Start of Extracted information
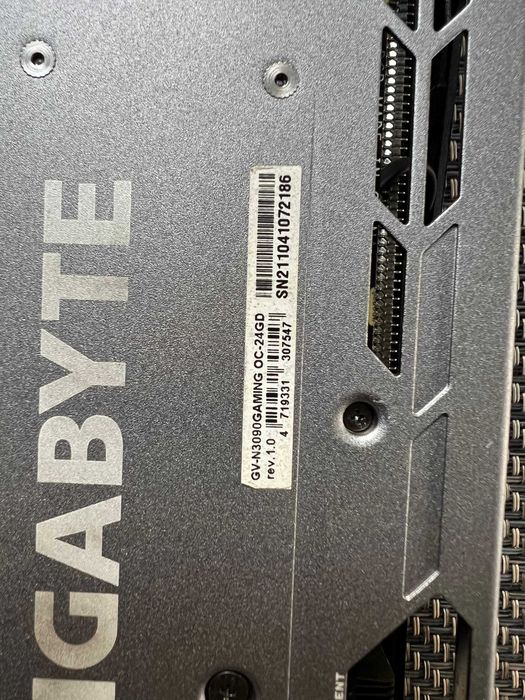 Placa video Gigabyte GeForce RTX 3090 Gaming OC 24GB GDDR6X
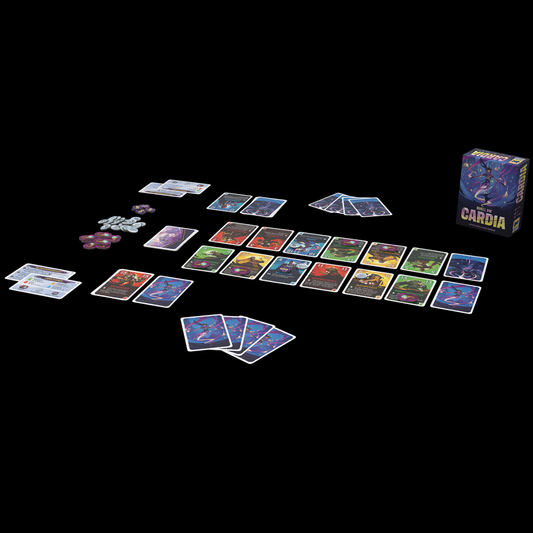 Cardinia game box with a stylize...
End of Extracted information
Start of Extracted information
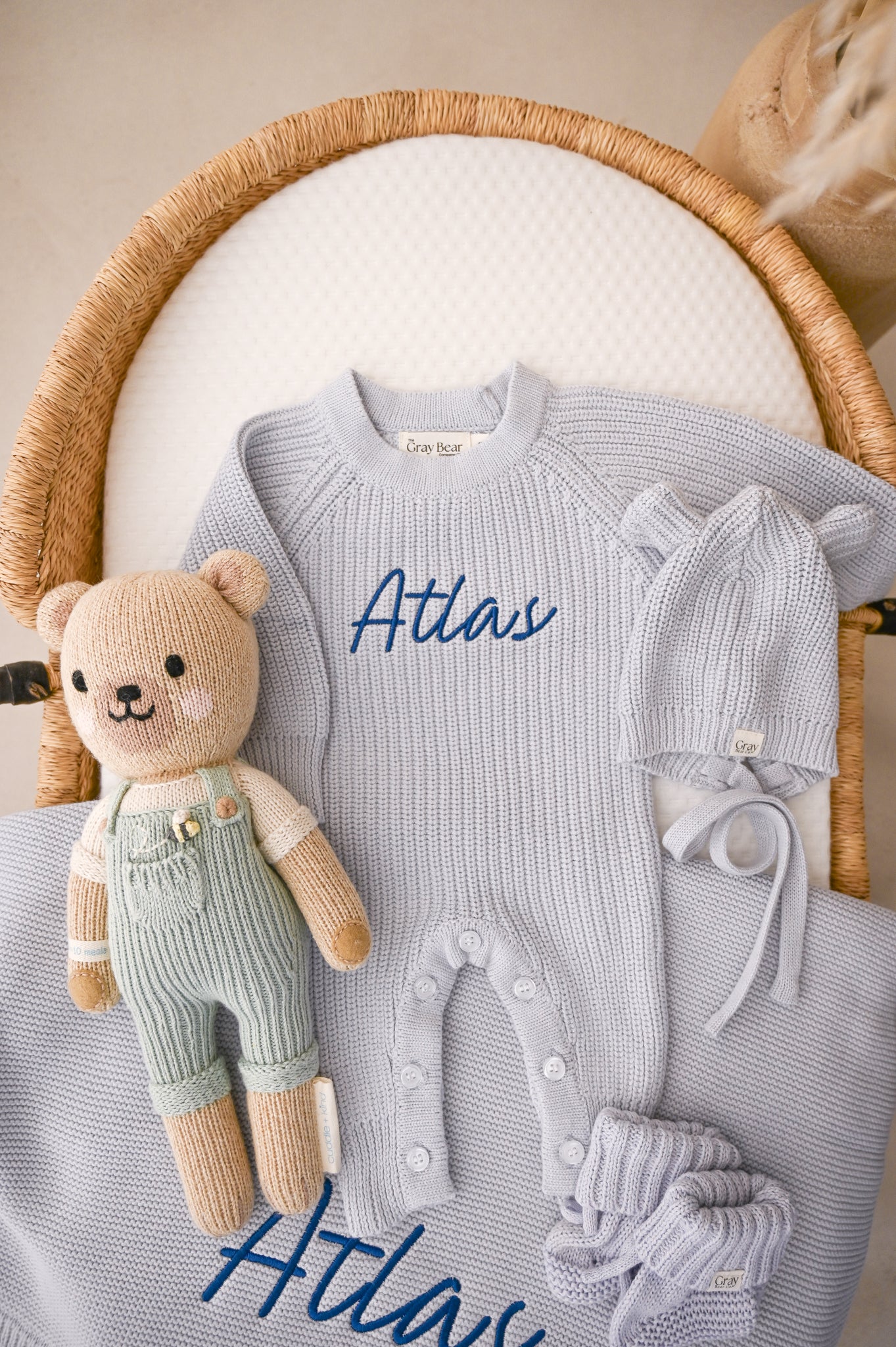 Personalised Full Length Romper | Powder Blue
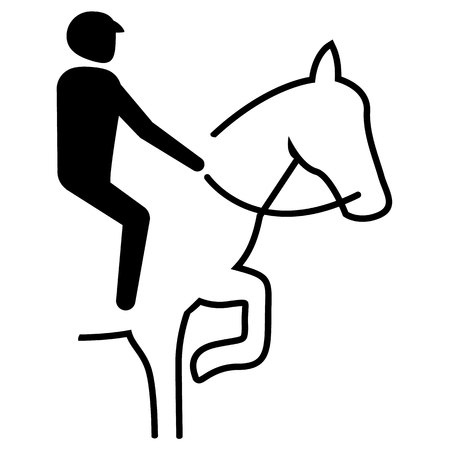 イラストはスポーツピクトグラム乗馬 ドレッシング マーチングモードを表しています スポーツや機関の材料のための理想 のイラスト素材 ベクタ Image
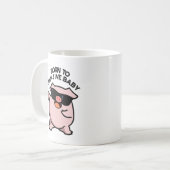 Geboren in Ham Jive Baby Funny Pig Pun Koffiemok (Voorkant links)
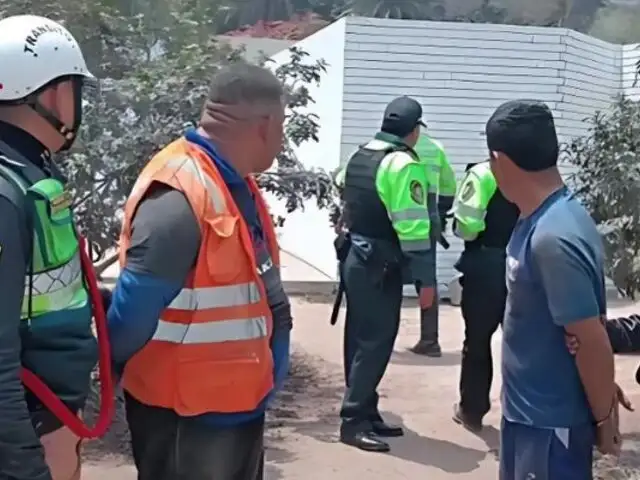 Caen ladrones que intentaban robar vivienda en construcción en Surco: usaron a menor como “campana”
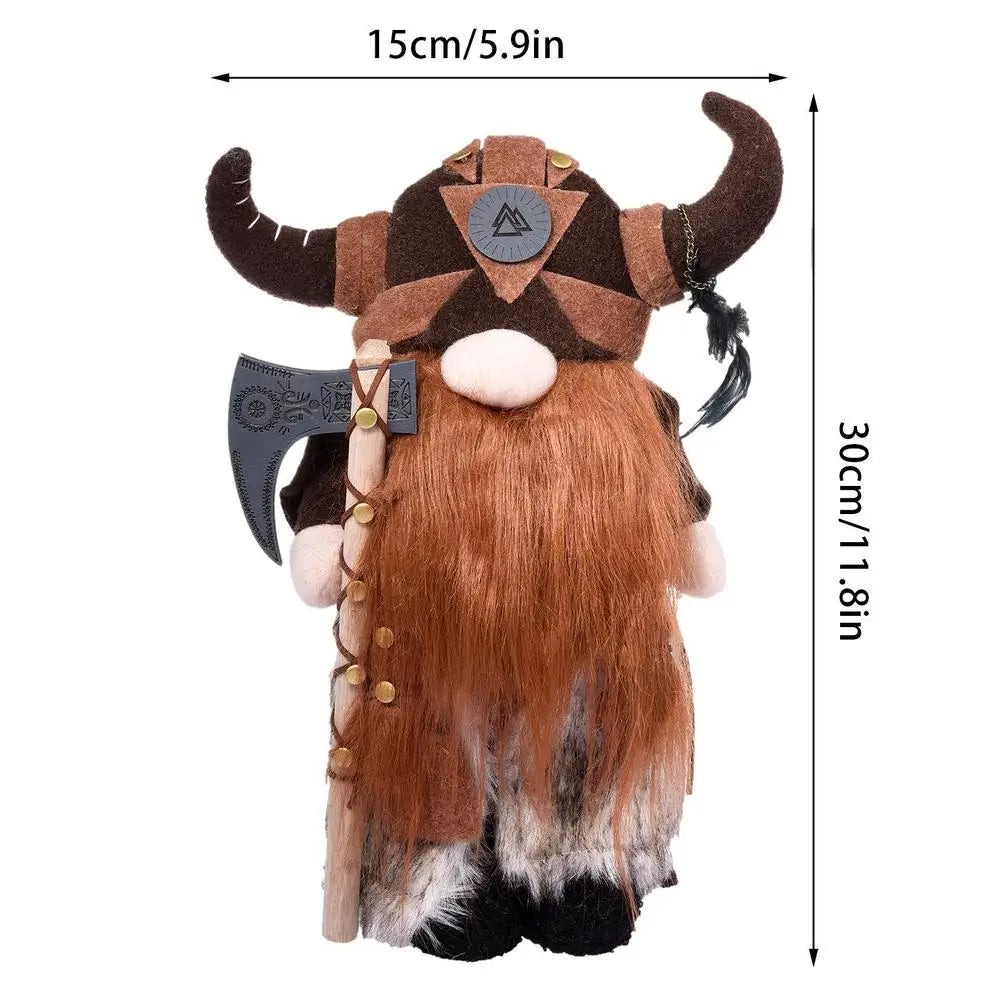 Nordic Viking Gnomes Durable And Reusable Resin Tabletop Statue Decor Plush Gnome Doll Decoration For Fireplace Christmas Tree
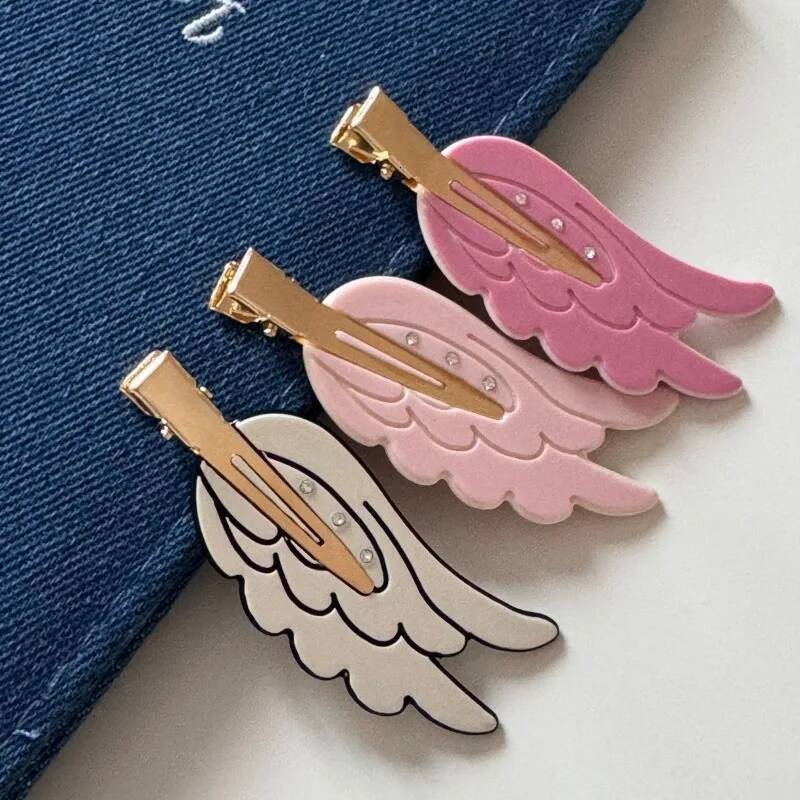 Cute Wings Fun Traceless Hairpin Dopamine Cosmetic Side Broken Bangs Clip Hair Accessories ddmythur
End of Extracted information
● How to complete this task: Working from the records above, set down word for word everything from the line containing "Placa video Gigabyte" down to the line containing "Cardinia game box with a stylize...", ends included, minus the pictures.

● Solution to the exercise:
 Placa video Gigabyte GeForce RTX 3090 Gaming OC 24GB GDDR6X
 Cardinia game box with a stylize...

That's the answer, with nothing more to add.